En la encíclica Caritas in veritate se expone y explica otro valor evangélico: el principio de gratuidad, la lógica del don, expresión de la gracia de Cristo que rescata al hombre de su reclusión en la autosuficiencia para vivir la fraternidad. La lógica del don aporta una nueva orientación a la vida económica, política y social, para que se ordene efectivamente al bien común, superando la estrechez de la pura lógica del mercado y sus consecuencias de deshumanización e injusticia. La verdad de la economía reclama esa superación hacia expresiones concretas de gratuidad, que pueden abrirse paso, entre el Estado y el mercado, en el ámbito de la sociedad civil: organizaciones productivas con fines mutualistas y sociales que articuladas debidamente con las formas clásicas de organización empresarial, pública o privada, contribuyan a establecer un orden económico más humano, una verdadera civilización de la economía.
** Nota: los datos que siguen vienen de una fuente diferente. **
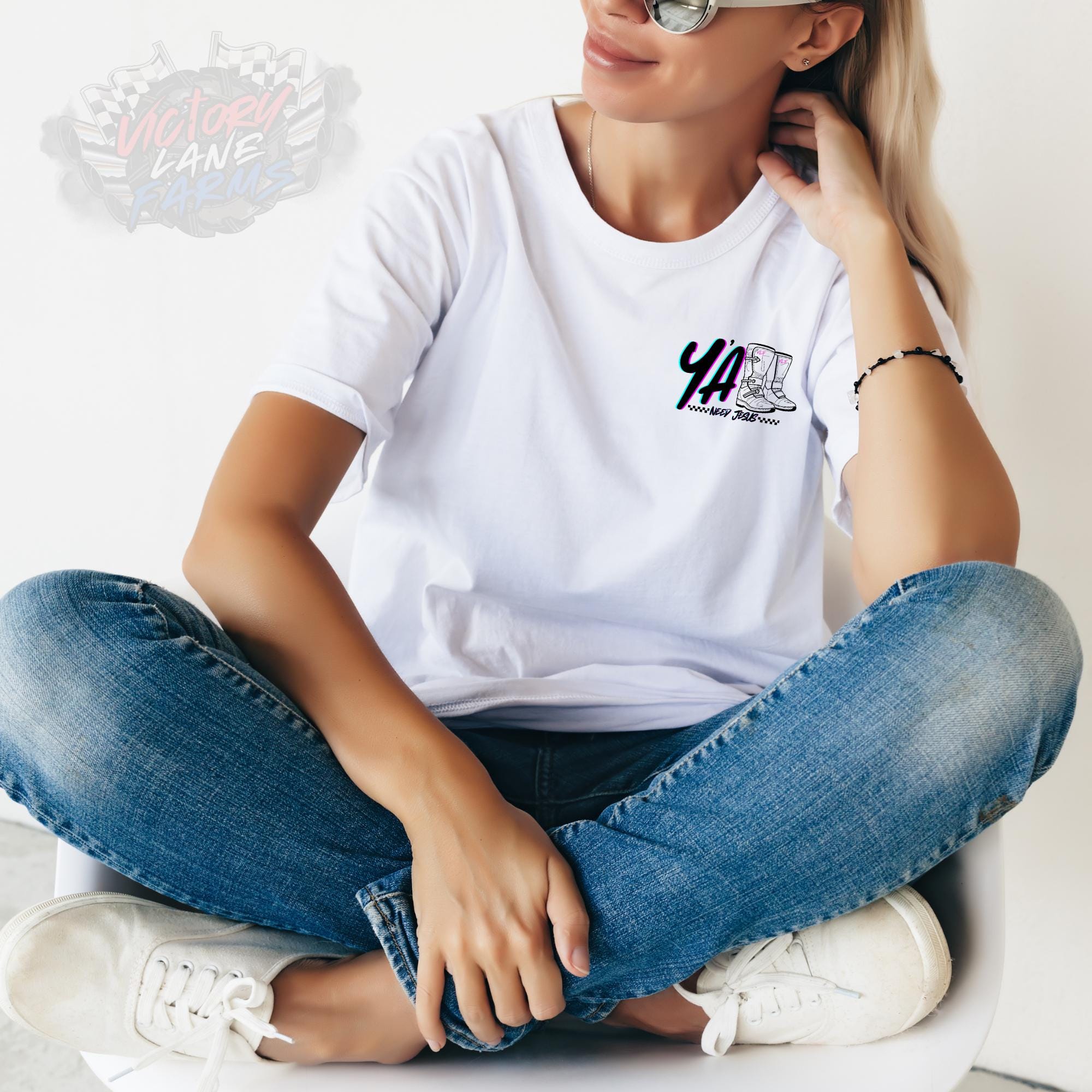 Y'ALL Need Jesus Racing Shirt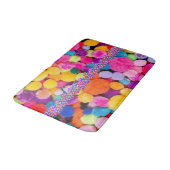 Tapis De Bain Pom Poms Salle De Bains Mat (Angle)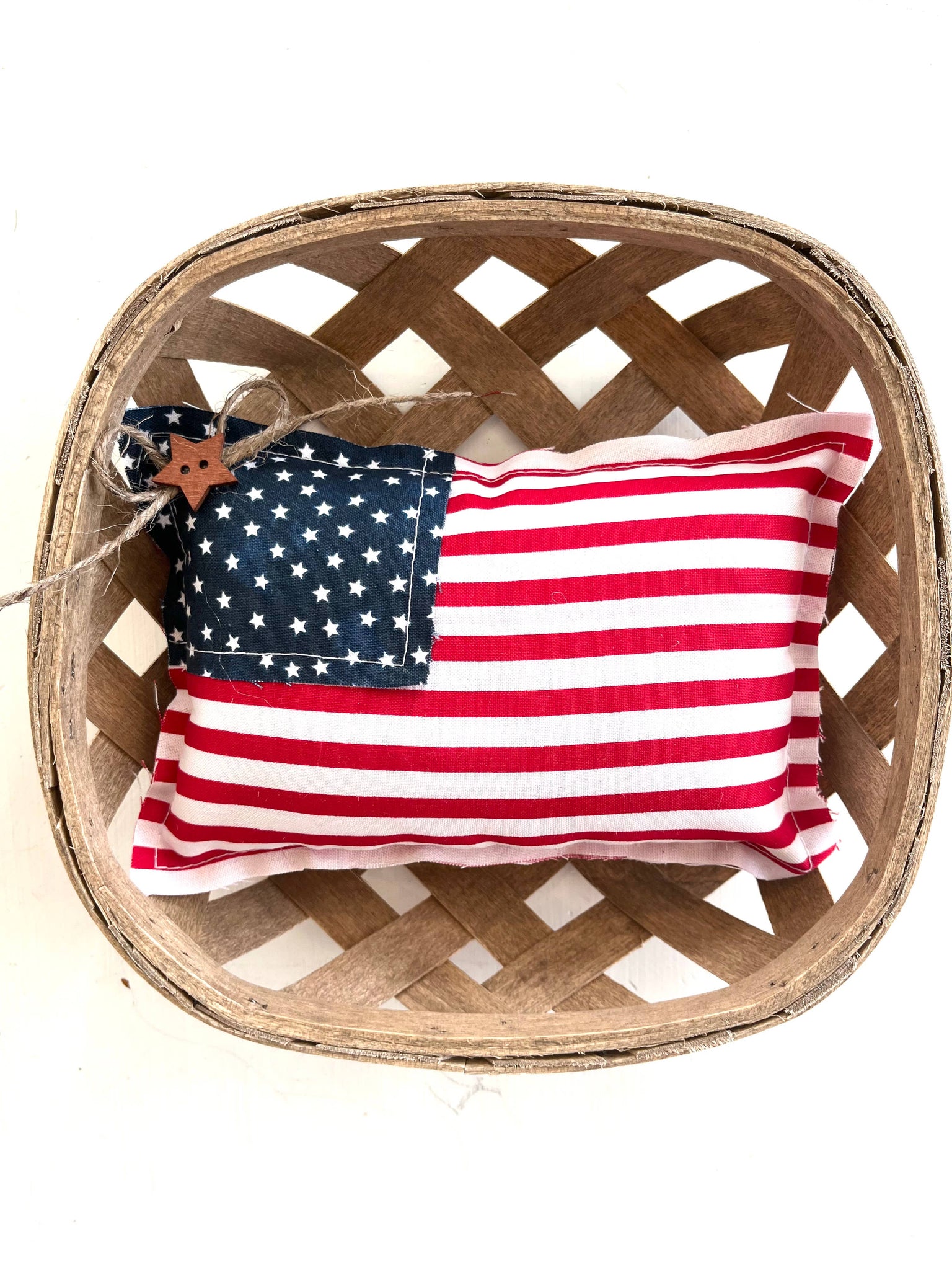 4th of July American Flag Mini Pillow | Home Decor: 6 Pack - Lulu Bella Boutique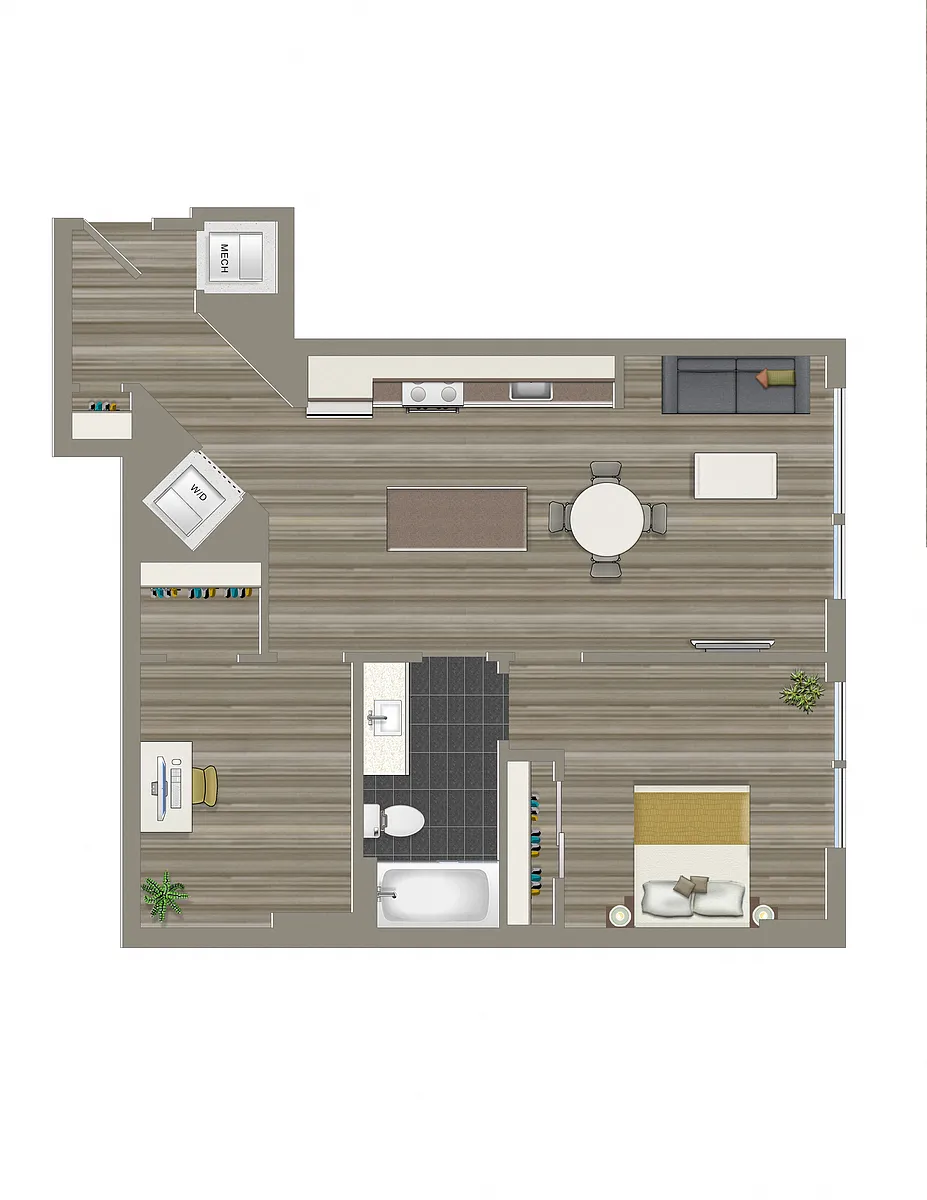 Floor plan 2-A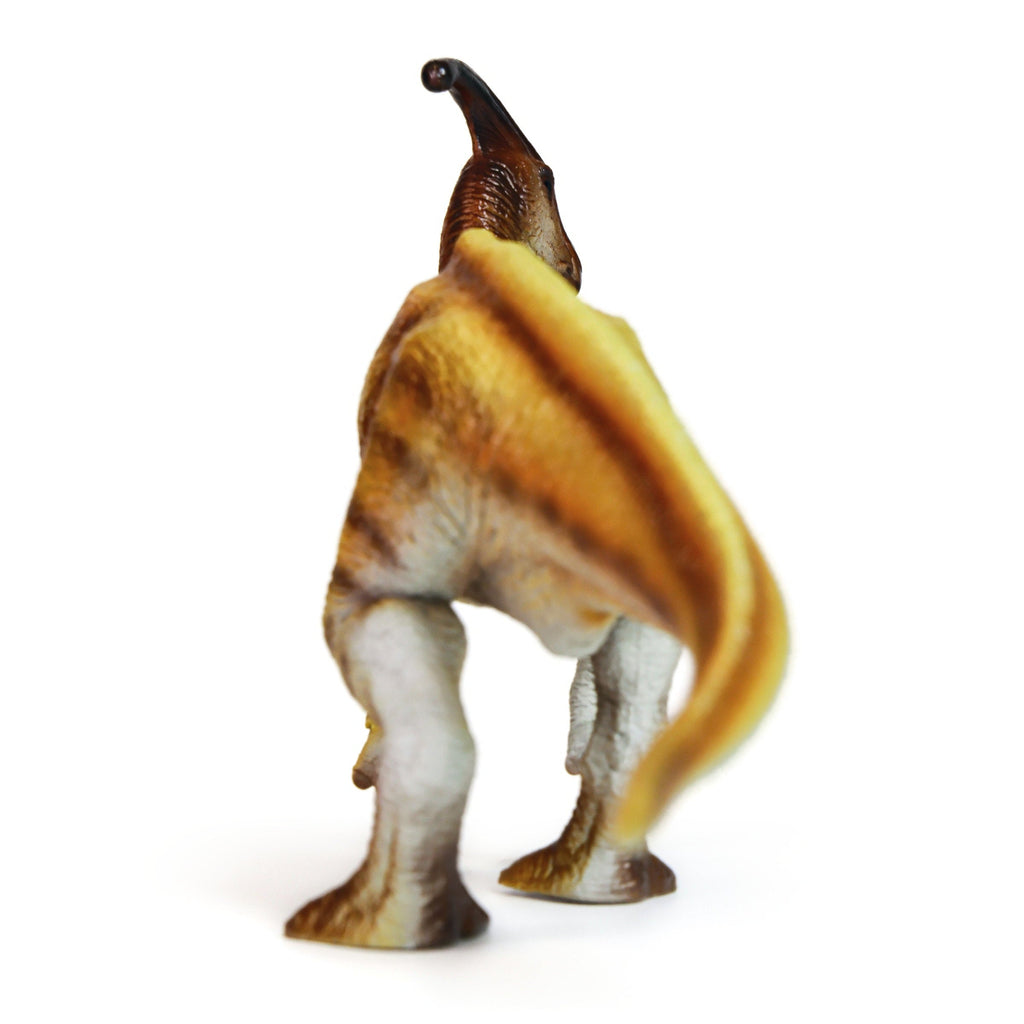 Parasaurolophus Figure, rear view on a white background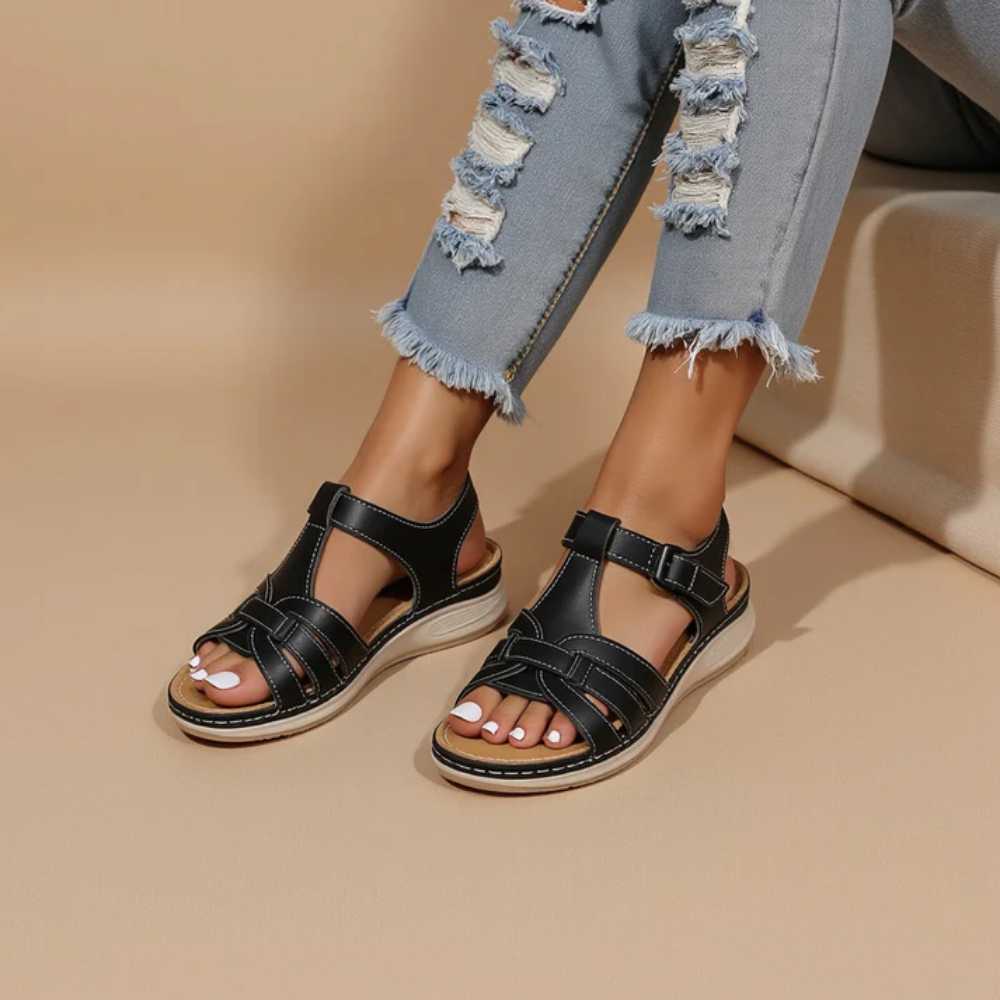 Modern Hiking Sandals – Supportive Cushioned Sole and Secure Strap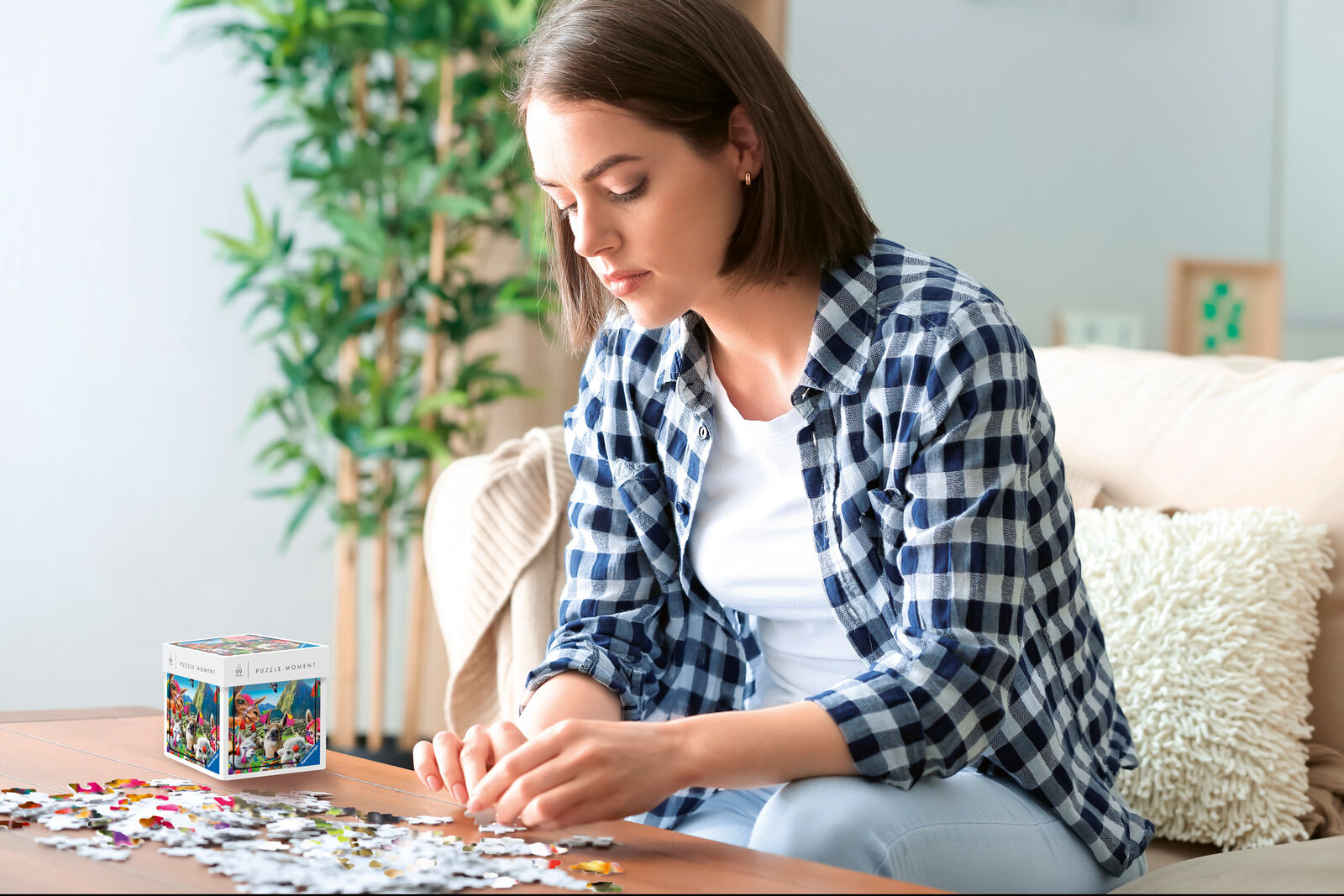 16536 Ravensburger Llamas Jigsaw Puzzle 99 Pieces Suitable for Children 14 Years
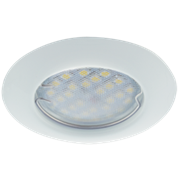 Ecola Light MR16 DL92 GU5.3 Светильник встр. выпуклый Белый 30x80 (кd74) FW1612EFY-1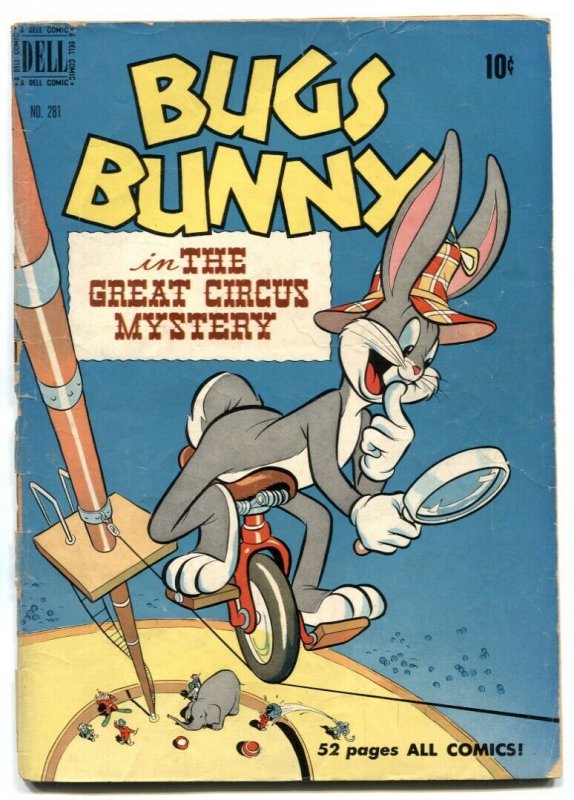 Bugs Bunny in The Great Circus Mystery-Four Color Comics #281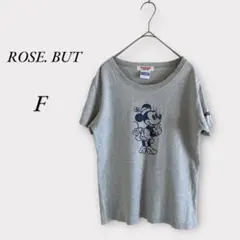 【ローズバッド】ミニー プリント 半袖 Tシャツ カットソー（M）のサムネイル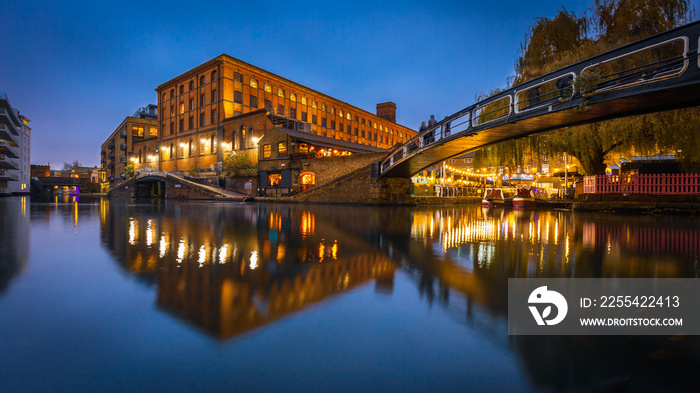 View of Camden Lock, London, United Kingdom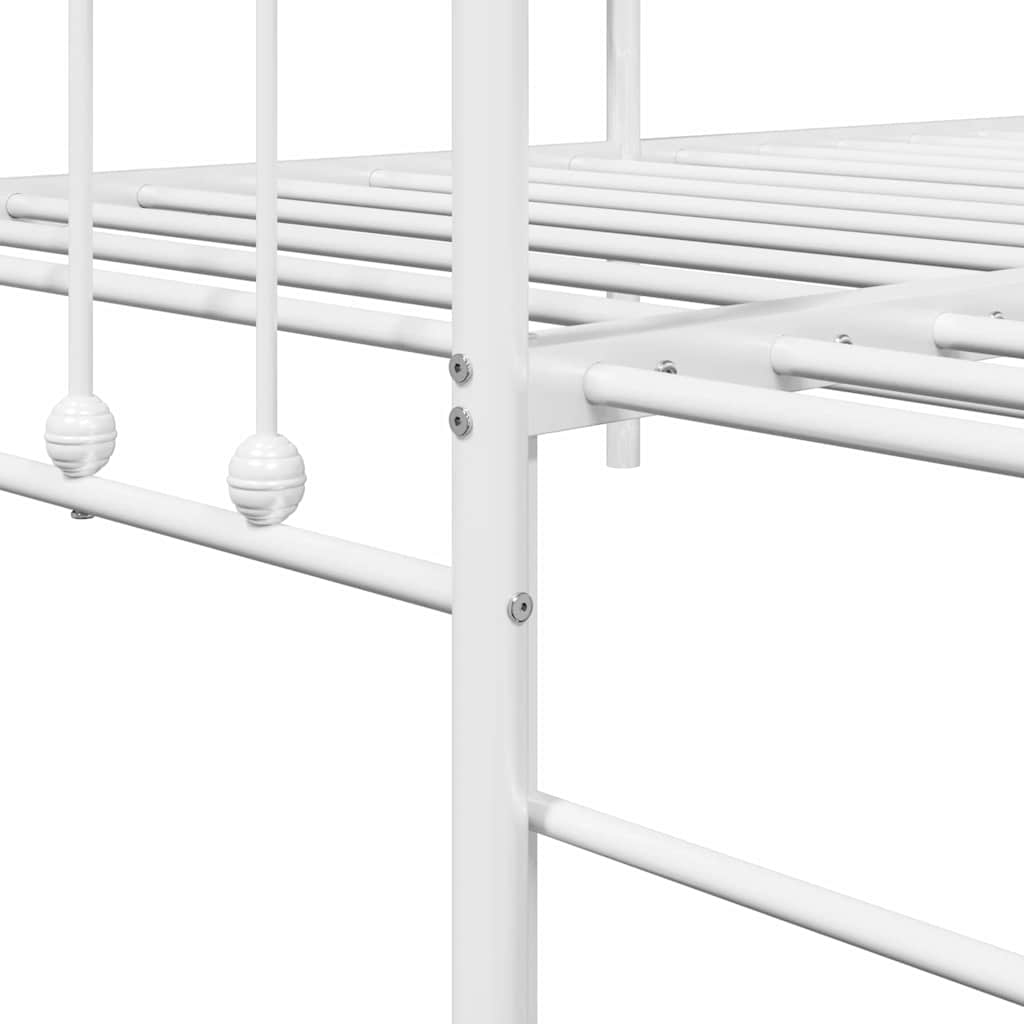 Dagsengeramme Hvit 90 x 190 cm Pulverlakkert stål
Durante el siglo XX, pensadores iberoamericanos –algunos católicos y otros no–, intentaron volver a las fuentes de la identidad y vocación de América. Cito sólo algunos nombres: José Enrique Rodó, Víctor Andrés Belaúnde, Manuel Ugarte, José Vasconcelos, Pedro Henríquez Ureña, Joaquín Edwards Bello, Gabriela Mistral, Jaime Eyzaguirre, que como tantos otros buscaron el sentido originario de una posible unión americana. Si conforme a la convocatoria de Aparecida hemos de recomenzar desde Cristo, el discipulado y la misión tendrán que expresarse también en creaciones intelectuales del genio católico que señalen las metas y tracen la ruta hacia la plena realización de nuestro continente en la verdad, la justicia y el amor, como una Patria grande de estos pueblos bautizados que permanecen en el regazo de la Iglesia y aman a María.